I was originally writing up a guide for migrating, actually transitioning, Exchange 2003 to Exchange 2007. There are lots of guides out there that would have better screenshots and perhaps even better written steps. Basically I would not really be meeting a need as there are already plenty out there doing so. So instead I am scrapping all of my original work and concentrating on issues that I believe are not talked about as much out there. Mostly these issues affect those that are doing single server migrations, which is basically you have one Exchange 2007 server holding all of your roles. They have caused me a great deal of headache and drama which I am sure is true for others doing such migrations as well. I would imagine that this is mostly the SMB sector, which is where the majority of my work in this is being done. Let’s talk about the biggest issue now, client access.
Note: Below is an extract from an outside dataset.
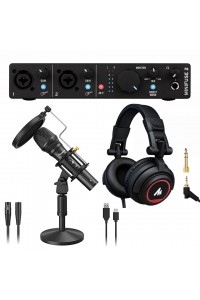 Arturia Cardioid Broadcast Microphone With USB Audio Interface And Over-Ear Studio Headphones Bundle
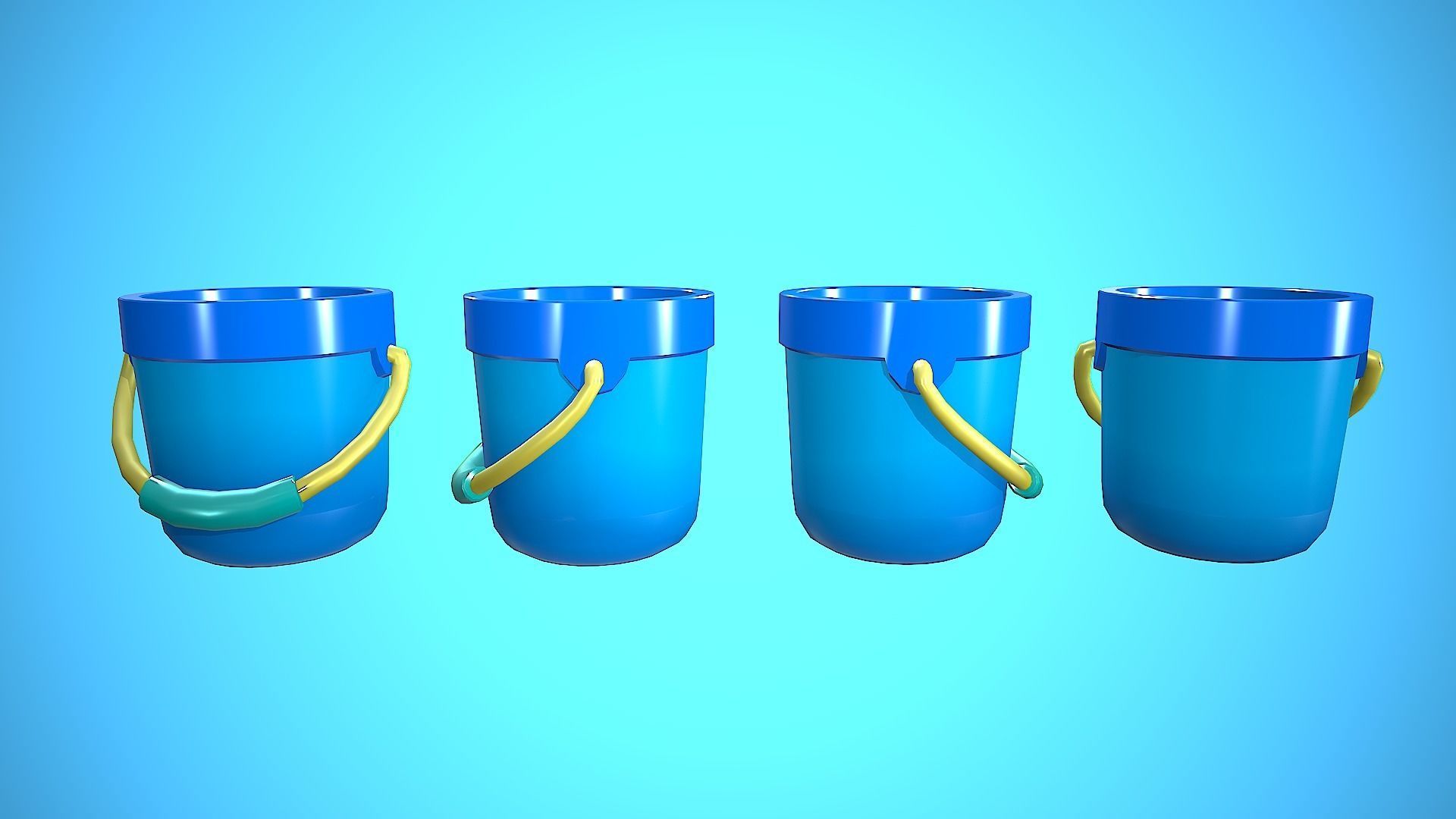 BUCKET CARTOON STYLIZED Low-poly 3D model_6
The CAS role plays a big part in your Exchange organization as it is the broker for all requests to your mailboxes. You will have MAPI requests as well as HTTPS, POP3 and others coming into this server. By the way as a security side note the recommended set up is to have your CAS role on your internal network with a reverse proxy in your DMZ for proxying requests through to your CAS. The CAS when it receives a request for a mailbox that resides on a 2003 servers proxies that request through to your 2003 server. No issues at all there. The problem that comes up, though, with having a CAS on the same server as your MB is that web requests no longer get proxied to your 2003 servers, they get redirected. This is due to davex.dll handling the requests on a mailbox server, and it will grab the requests first. Exprox.dll is what handles proxying. This redirection is not configurable either. So that causes a problem when it is redirecting an external request to an internal FQDN. That doesn’t work out too well and you get lots of angry OWA users wondering why their logins take them to an invalid address. For a more in depth explanation take a look here. Let’s take a look at a few ideas for mitigating this issue.
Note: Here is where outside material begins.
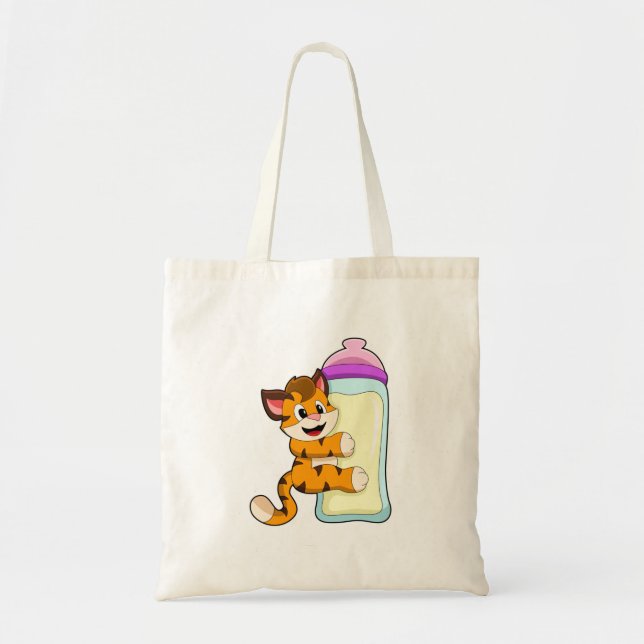 Bolsa Tote Tigre com frasco para bebês de leite (Frente)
First off an easy fix would be to make sure your Exchange 2003 FQDN has a matching public address. This is not a recommended set up though at all. It is against best practices to have your internal domain match your external domain. Not to mention you can get a number of funny DNS issues going on if this is the case unless you’ve planned things out well. Read this article for some more DNS information, and especially look at the split-brain section. All of this can turn your easy fix into a much more complicated fix. If the stars do just happen to be right on your migration though, then go for this. Set up a public record matching your internal Exchange 2003 name and you’ll be set. This will be transparent to your users.
Next up would be to use a reverse proxy such as ISA 2006. This would be great as it keeps the strict definitions of your DMZ as it keeps your Exchange servers from having to blur the lines. This doesn’t seem to be something that most SMBs care about in my experience though. They don’t seem to see the need for security and how having a properly defined DMZ fits into this. But that goes into an entirely separate article and could sound a bit ranty.
Other methods will require a bit more cooperation from your users. Remember, in Exchange 2007 the OWA access by default is /owa. So you will need to communicate this to your users as you migrate their mailboxes over. Then, remove the /exchange virtual directory through the Exchange Shell and recreate it in IIS. Finally, set up /exchange with a custom 403 redirect to a different port on your external address. Mind you that you’ll need to make sure that port does point to your legacy server. This either requires your firewall to be able to do port translation or changing the ports on your 2003 server.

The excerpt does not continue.